Irrespective of one’s methodology in preaching from Deuteronomy, one must formulate plans with the basic and current needs of his congregation uppermost in mind. There are at least six of these basic areas of need and unless the pastor speaks to these needs, he is not preaching in the true sense of the word. The areas which should serve as objectives or goals for the preacher in his sermon preparation may be classified as doctrinal (that men understand God’s truth), devotional (that men love, reverence, and worship God) , pastoral (that men in need of comfort find grace and strength in the Lord), ethical (that men rightly relate themselves to other men because of a genuine relationship to God), actional (that men dedicate themselves to the Lord and serve him with total personalities, time, and re sources), and evangelistic (that lost men come to trust Christ as Saviour and Lord).H. C. Brown Jr., “Preaching Values in Mark’s Gospel,” Southwestern Journal of Theology, I (October 1958), 70.

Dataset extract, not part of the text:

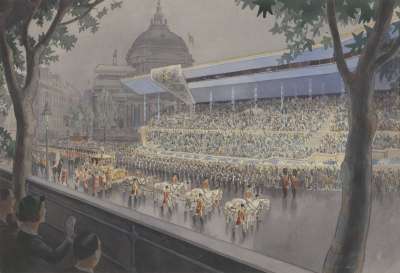 Image of The Procession in Broad Sanctuary and the Colonial Office Stand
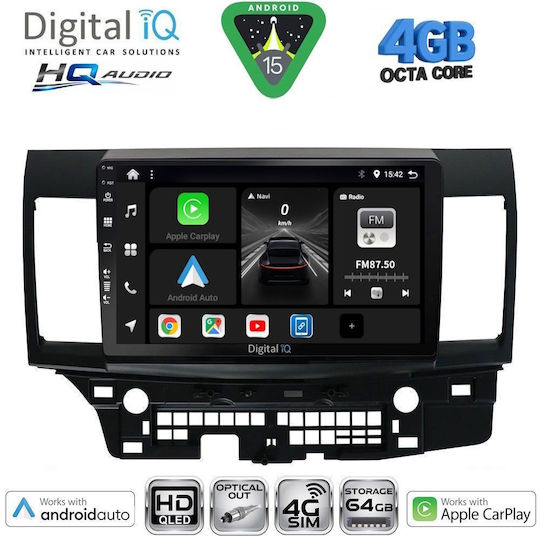 Digital IQ Car Audio System for Peugeot 4008 Mitsubishi Asx 2009 with Touch Screen 10" Digital IQ BXK 19430 CPAA Bluetooth USB WiFi GPS Apple CarPlay Android Auto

As one studies the Book of Deuteronomy a number of major themes appear, any one of which might well serve as the basis for a sermon series. Perhaps the most prominent theme is, “A Reminder to Remember.” The aged Moses stands on the banks of the Jordan, at the very threshold of the promised land, to deliver his farewell message to his people. He speaks to a generation which, except for two individuals, Joshua and Caleb, has witnessed only the latest acts in the drama of God’s deliverance of his people. How can he best prepare this people for what faces them in future days? Moses decides that this can best be done by vividly reminding them of God’s mighty hand in the midst of their history. With eyes undimmed by the years he looks backward to the time of Israel’s bondage in Egypt, then forward to the day when this people will be a nation of God in the land of promise. As this expanse of history is unfolded before the eyes of his people, Moses’ continual exhortation is, “Remember! Remember! Remember! Take heed lest you forget.”James Cogswell, “Lest We Forget,” Interpretation, XV (January 1961), 30.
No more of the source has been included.